He continued honing his skills and, in 1997, he pursued a postgraduate visual art (photography) program at the Central Academy of Fine Arts in Beijing. He spent two years studying photography optics, photography chemistry, photo-sensitivity measurement, digital imaging and color science.
He also acquired the professional photography techniques required for capturing still life images, portraits, food, architecture, landscapes, among others.
In 1999, Zhang was transferred to the Nationality Pictorial (Minzu Huabao) in Beijing, where he got down to work focusing on specific areas of photographic expression.
Earlier work experience predisposed him to aiming the lens at the Qinghai-Tibet Plateau.
"The massive and majestic landscape, and numerous miracles of civilization were all deeply attractive to me," he says.

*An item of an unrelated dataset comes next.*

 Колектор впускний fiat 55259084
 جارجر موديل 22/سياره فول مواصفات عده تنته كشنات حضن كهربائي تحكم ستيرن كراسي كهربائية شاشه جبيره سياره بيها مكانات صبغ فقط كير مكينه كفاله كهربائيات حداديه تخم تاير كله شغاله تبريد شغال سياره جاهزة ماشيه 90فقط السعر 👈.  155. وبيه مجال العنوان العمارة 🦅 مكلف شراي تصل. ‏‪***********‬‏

In the middle of last year, Zhang published an album of photos, Himalayas.
He selected more than 3,000 pictures from his numerous trips into and around the Qinghai-Tibet Plateau for the album, which covers geographical and environmental features, history, literature and art, religions and faith, and folk customs of the plateau.

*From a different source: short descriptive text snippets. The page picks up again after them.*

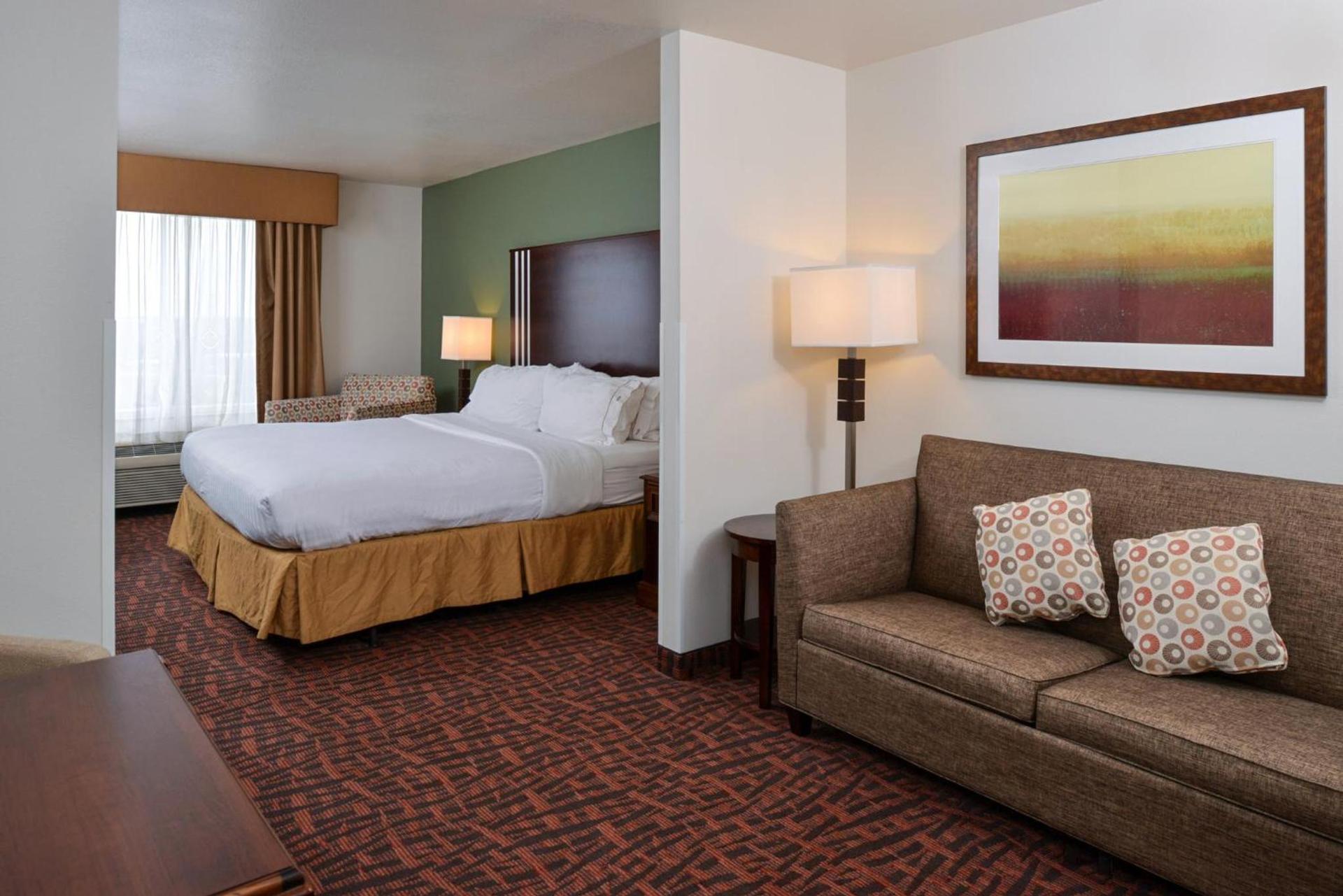 Holiday Inn Express Hotel & Suites Cherry Hills by IHG photo 9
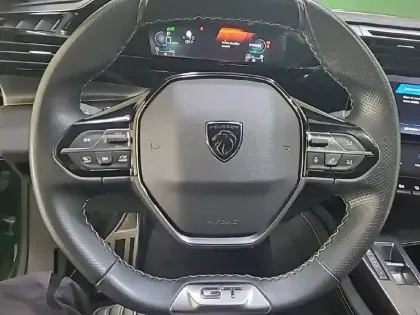 Photo 80 Peugeot 308  PHEV 180 e-EAT8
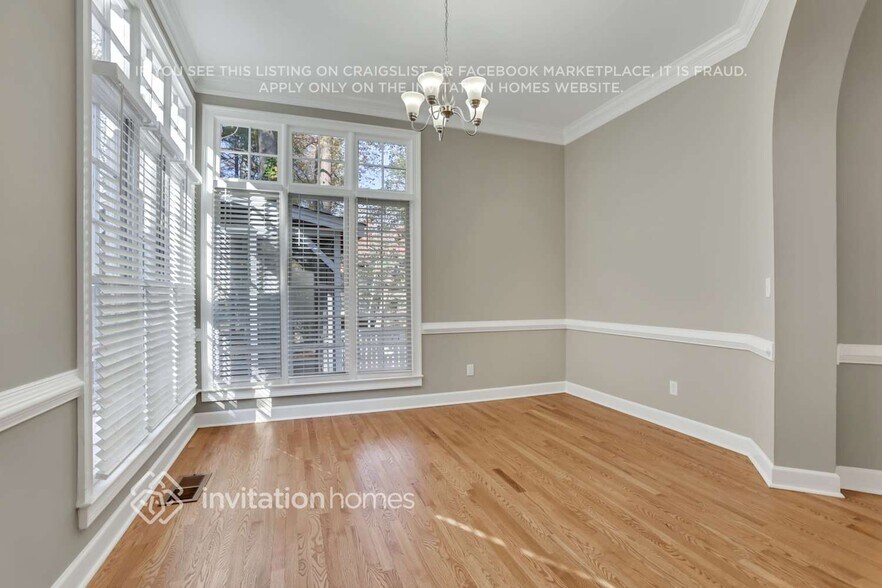 Building Photo - 560 Laurel Wood Ct
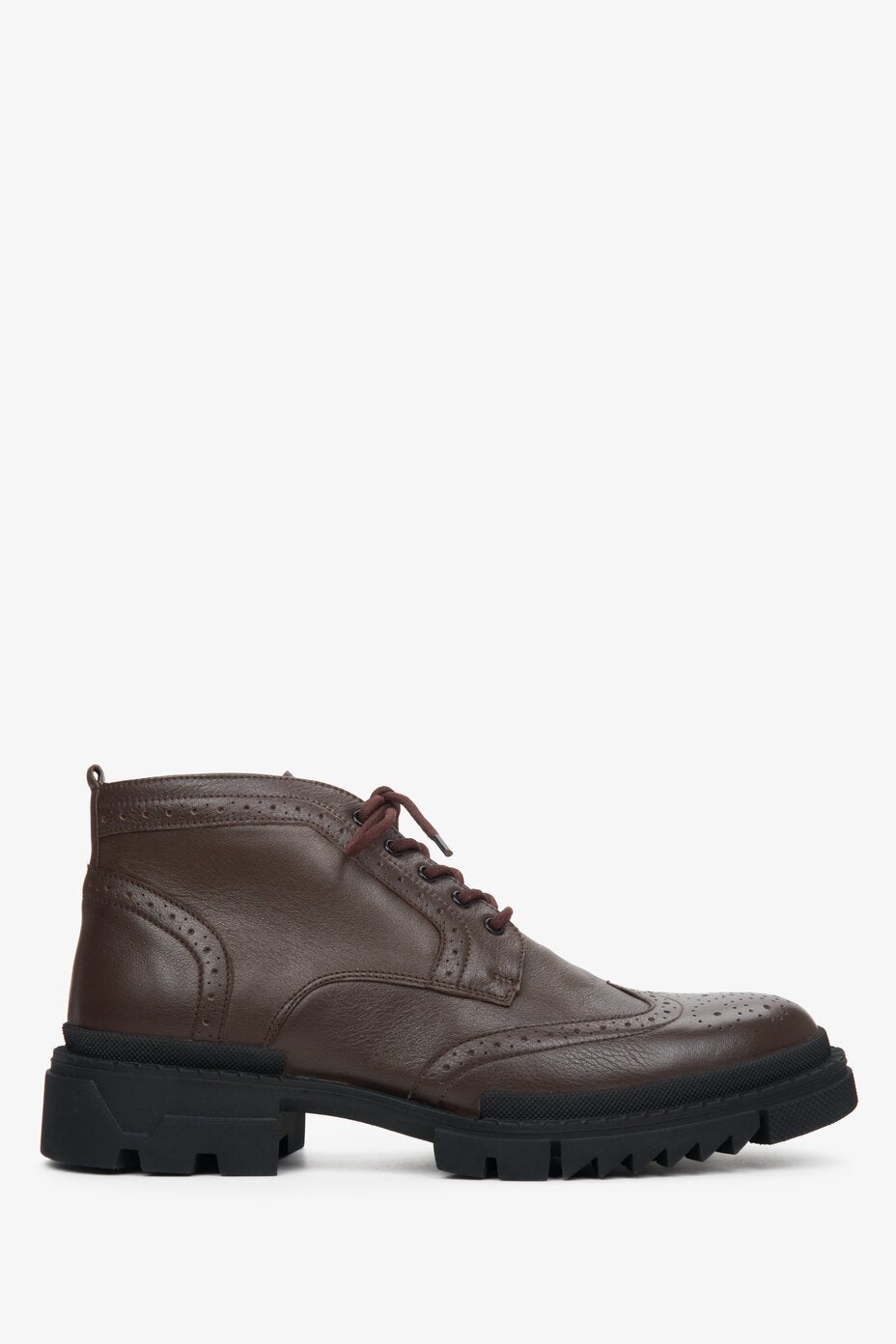 Tall, men's brown winter boots made of genuine leather with laces, from the Estro brand - shoe profile.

For example, he devoted a chapter to sculptures, in which he presented images of gold and bronze statues from Tibet and central regions, and India and Nepal, as well as clay sculptures and stone carvings.
There are also chapters on murals from famous monasteries and grottoes, and on thangka art that is unique to Tibet.
"For each of the six parts, I invited a specialist to write an essay on the subject, which adds an academic touch to the book," he says.